The electrophysiology of rodents is distinct from that of humans, and its applicability can be questioned. However, alterations in the ECG ventricular gradient and QT interval in response to MCT (22, 37, 47) were similar to changes seen in humans with pulmonary hypertension (23, 26, 27); therefore, understanding the mechanisms causing these changes may be relevant to the clinical setting (10, 63).

The various uncoupling agents used in optical recording of APs have been reported to affect electrical activity in unique ways (39). However, we found that the differences between APD and the shape of APD restitution curves were qualitatively similar in either MCT or control preparations whether measured optically in BDM-treated whole hearts or in untreated single myocytes (this study) or by monophasic AP in our previous study (3). For example, compared with CON APD, FAIL APD was 72% longer in optically measured BDM-treated hearts, 102% longer in mechanically coupled hearts, and 111% longer in single myocytes. Thus, although BDM has been reported to alter ion channel and Ca²⁺-handling properties, we have no evidence that this has impacted on the interpretation of our data.

Although myofiber disarray was correlated with APD, we did not find a significant correlation between fiber disarray and APD dispersion or CV. While fiber angle can be measured across the whole ventricular wall by DT-MRI, our optical mapping of electrical activity was restricted to the epicardial surface. Technical developments allowing transmural mapping, such as endocardial and epicardial illumination and longer wavelength voltage-sensitive dyes (59), may in the future address this limitation.

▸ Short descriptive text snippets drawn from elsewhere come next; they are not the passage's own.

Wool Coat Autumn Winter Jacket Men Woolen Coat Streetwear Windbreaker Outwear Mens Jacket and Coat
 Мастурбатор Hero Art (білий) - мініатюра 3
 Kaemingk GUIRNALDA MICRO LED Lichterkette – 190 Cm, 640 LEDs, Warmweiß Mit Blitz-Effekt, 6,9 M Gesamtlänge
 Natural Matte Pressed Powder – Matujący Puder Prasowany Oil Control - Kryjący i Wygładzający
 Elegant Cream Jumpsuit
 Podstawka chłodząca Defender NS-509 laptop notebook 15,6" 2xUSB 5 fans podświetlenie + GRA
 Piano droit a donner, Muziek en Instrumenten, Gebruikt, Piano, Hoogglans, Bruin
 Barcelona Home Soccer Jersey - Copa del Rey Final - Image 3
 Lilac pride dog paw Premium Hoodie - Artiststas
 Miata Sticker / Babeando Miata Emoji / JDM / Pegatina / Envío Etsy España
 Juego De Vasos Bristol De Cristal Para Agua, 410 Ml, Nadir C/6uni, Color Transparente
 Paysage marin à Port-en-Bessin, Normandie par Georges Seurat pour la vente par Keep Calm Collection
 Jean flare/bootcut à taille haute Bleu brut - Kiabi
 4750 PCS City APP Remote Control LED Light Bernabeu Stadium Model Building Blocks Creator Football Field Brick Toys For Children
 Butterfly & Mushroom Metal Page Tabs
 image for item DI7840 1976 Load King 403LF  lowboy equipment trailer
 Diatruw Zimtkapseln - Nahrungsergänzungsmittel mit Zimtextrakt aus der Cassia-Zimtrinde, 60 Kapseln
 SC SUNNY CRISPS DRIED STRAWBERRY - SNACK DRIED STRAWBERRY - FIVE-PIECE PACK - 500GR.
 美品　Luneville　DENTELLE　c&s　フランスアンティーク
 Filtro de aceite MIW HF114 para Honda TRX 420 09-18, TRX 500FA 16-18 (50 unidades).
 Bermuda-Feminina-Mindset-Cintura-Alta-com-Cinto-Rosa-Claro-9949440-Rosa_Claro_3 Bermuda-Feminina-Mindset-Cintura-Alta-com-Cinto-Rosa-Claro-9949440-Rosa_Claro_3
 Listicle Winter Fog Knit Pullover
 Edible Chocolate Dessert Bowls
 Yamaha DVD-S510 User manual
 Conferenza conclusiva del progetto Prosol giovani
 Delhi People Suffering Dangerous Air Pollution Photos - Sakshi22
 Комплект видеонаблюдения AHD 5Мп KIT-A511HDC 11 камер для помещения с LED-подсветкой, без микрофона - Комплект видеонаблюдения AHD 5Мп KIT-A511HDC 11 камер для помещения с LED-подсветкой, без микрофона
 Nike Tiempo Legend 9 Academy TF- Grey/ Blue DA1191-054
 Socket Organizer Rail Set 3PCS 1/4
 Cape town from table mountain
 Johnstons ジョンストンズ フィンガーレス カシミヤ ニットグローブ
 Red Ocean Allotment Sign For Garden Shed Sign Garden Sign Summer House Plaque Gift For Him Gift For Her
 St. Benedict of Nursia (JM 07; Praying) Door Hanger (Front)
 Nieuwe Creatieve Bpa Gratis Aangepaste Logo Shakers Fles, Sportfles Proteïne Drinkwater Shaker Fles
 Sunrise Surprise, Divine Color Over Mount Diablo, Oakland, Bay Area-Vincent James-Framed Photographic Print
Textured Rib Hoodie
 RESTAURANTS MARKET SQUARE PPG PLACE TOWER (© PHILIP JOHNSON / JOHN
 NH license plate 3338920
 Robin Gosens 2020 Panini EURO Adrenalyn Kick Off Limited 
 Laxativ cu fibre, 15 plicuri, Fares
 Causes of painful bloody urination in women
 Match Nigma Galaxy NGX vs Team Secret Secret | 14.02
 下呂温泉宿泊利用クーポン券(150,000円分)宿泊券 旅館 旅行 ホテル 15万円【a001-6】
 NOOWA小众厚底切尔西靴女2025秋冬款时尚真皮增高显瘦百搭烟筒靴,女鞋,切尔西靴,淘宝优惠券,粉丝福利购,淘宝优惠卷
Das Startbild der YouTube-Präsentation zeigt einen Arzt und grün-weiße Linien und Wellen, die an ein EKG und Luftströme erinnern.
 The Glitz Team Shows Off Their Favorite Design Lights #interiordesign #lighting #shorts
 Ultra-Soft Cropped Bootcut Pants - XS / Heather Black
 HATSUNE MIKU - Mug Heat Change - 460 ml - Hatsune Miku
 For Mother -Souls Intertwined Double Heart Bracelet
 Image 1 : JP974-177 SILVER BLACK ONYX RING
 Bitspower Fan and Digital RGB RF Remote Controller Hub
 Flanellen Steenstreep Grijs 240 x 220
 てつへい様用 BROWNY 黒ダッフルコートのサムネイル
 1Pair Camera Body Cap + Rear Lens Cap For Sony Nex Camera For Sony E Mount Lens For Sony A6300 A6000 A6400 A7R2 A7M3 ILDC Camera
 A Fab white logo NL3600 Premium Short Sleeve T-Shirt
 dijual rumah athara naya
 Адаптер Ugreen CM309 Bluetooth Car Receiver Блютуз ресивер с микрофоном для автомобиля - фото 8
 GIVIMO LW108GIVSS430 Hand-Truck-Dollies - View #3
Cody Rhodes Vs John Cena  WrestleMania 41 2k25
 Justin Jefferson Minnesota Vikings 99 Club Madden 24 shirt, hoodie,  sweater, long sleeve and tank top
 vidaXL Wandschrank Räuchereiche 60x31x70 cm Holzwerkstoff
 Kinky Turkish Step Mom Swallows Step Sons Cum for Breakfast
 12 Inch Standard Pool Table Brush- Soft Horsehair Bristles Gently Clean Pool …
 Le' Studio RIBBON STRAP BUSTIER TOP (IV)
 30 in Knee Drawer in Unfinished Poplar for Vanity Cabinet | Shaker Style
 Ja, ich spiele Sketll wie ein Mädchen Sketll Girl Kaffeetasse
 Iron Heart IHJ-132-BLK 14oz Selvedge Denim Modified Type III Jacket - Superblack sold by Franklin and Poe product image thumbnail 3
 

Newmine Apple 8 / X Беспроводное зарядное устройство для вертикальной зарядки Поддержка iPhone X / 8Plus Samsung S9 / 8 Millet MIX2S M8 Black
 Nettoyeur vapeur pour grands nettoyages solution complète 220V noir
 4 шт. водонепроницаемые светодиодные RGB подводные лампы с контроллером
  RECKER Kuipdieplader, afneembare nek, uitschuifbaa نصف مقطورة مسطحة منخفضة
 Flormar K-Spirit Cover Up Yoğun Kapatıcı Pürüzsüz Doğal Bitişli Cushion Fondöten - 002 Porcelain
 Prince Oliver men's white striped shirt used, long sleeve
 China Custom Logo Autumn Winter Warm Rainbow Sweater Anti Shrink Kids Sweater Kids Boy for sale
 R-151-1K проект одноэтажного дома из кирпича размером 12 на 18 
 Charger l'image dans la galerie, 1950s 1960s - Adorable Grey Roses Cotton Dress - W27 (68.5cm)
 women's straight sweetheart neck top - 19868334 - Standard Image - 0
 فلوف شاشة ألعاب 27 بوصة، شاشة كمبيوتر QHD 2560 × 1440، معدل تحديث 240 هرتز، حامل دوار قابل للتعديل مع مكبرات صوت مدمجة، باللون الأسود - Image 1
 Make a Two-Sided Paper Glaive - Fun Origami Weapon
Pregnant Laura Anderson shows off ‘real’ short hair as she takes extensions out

There are reports of MCT-treated animals dying suddenly and of high mortality rates in some studies (e.g., Ref. 15). Although not proven, sudden deaths are likely to be associated with lethal arrhythmias. However, despite the presence of prominent T-wave alternans in vivo, we only rarely observed extra systoles and did not observe severe arrhythmias. Our ethical permissions required intervention when animals began to display external signs of heart failure; we predict that these signs occur before the onset of end-stage heart failure and the development of lethal arrhythmias. This conclusion is consistent with a recent study by Umar et al. (56), who used a more severe end point than our own. They showed spontaneous fibrillation in isolated hearts from MCT-treated rats. Taken together, our present study and that of Umar et al. (56) indicate a progression from alternans to fibrillation in this model.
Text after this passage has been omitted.